Félix de Azúa
Los efectos especiales han aplastado la imaginación de los escenaristas. El exceso técnico mata la creatividad como ha demostrado Frank Ghery, arquitecto que no ha construido un sólo edificio sino un programa informático para la construcción de diez millones de edificios todos iguales entre sí.
Cuando no existían medios técnicos tan apabullantes, los creadores tenían que exprimirse las meninges. He aquí un ejemplo modestísimo, de un género artístico menor, la comedia musical, pero representativo: es un número de la revista que el Casino de París estrenó en 1951.

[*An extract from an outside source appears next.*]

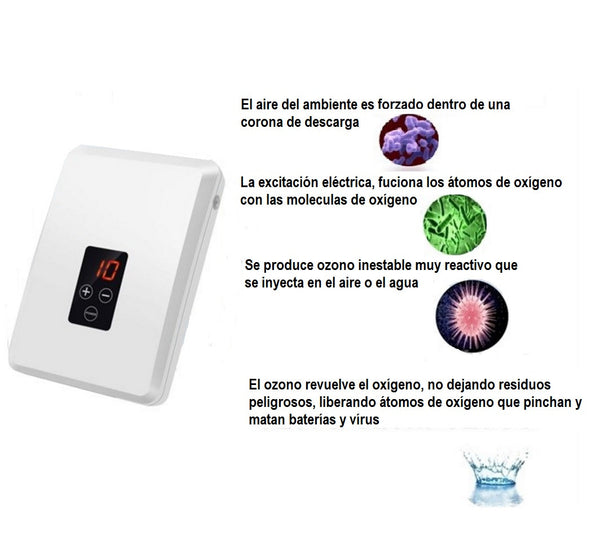 Purificador portátil de agua/aire con ozono FA5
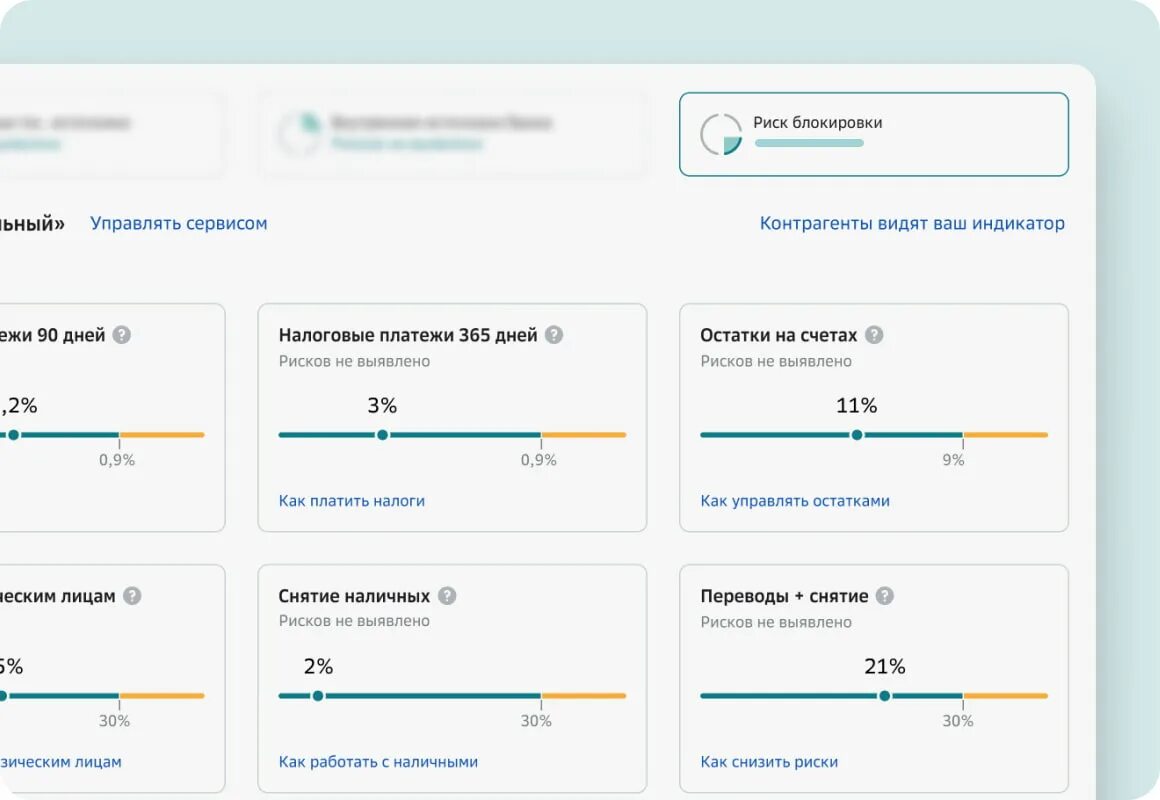 115 фз счет сбербанка. Риск блокировки Сбербанк. Сервис риск блокировки. Индикатор риска блокировки сбербизнес. Сбер рейтинг риск блокировки.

Todo el escenario figuraba un gigantesco motor de automóvil. En aquella época las máquinas, especialmente las italianas, eran objetos preciosos y muy admirados, algo así como los futbolistas actuales. Las coristas, vestidas de bugías, salían en abanico de los cilindros en espasmódico vaivén y se distribuían geométricamente por el tablado. Bailaban entonces un frenético claqué que levantaba una nube de chispas del suelo metálico a modo de polvo de estrellas. La música imitaba la aceleración de una máquina similar al soberbio Alfa Romeo con el que Juan Manuel Fangio había ganado el Grand Prix de España, en el circuito de Pedralbes, ese mismo año.
En las comedias musicales actuales, los efectos técnicos son avasalladores pero aburridos. Los hemos visto ya mil veces en la publicidad, en las cintas de acción, en el cine de animación. Están machacados. Es insoportable ver volar por los aires, una vez más, a Tom Cruise mientras se derrumba el puente de Brooklyn, sube un volcán de llamas del camión cisterna incendiado y estalla un helicóptero sobre su cabeza, todo al mismo tiempo y con el rostro de Cruise (bizco) en primer plano. ¡Qué contraste con las Gold Diggers de Busby Berkeley, evolucionando como una composición suprematista en busca de la perfección cristalográfica!
Las muchachas que soltaban chispas en el Casino de París en 1951 fascinaron a Roger Nimier, excelente escritor hoy totalmente olvidado y autor de una de las más típicas frases de su generación: “Desde que todo el mundo participa en ella, la guerra se ha desacreditado muchísimo”.
Fangio amaba sus máquinas: “Cada vez que llegábamos en primer lugar, era para mí una satisfacción compartida. Incluyo al auto porque yo nunca lo consideré un medio para conseguir un fin, sino una parte mía. Siempre pensé que yo formaba parte del auto, así como la biela y el pistón”.
También Nimier era un fanático de los bólidos. Se mató al volante de un Aston Martin DB4, en 1962, a los 36 años de edad.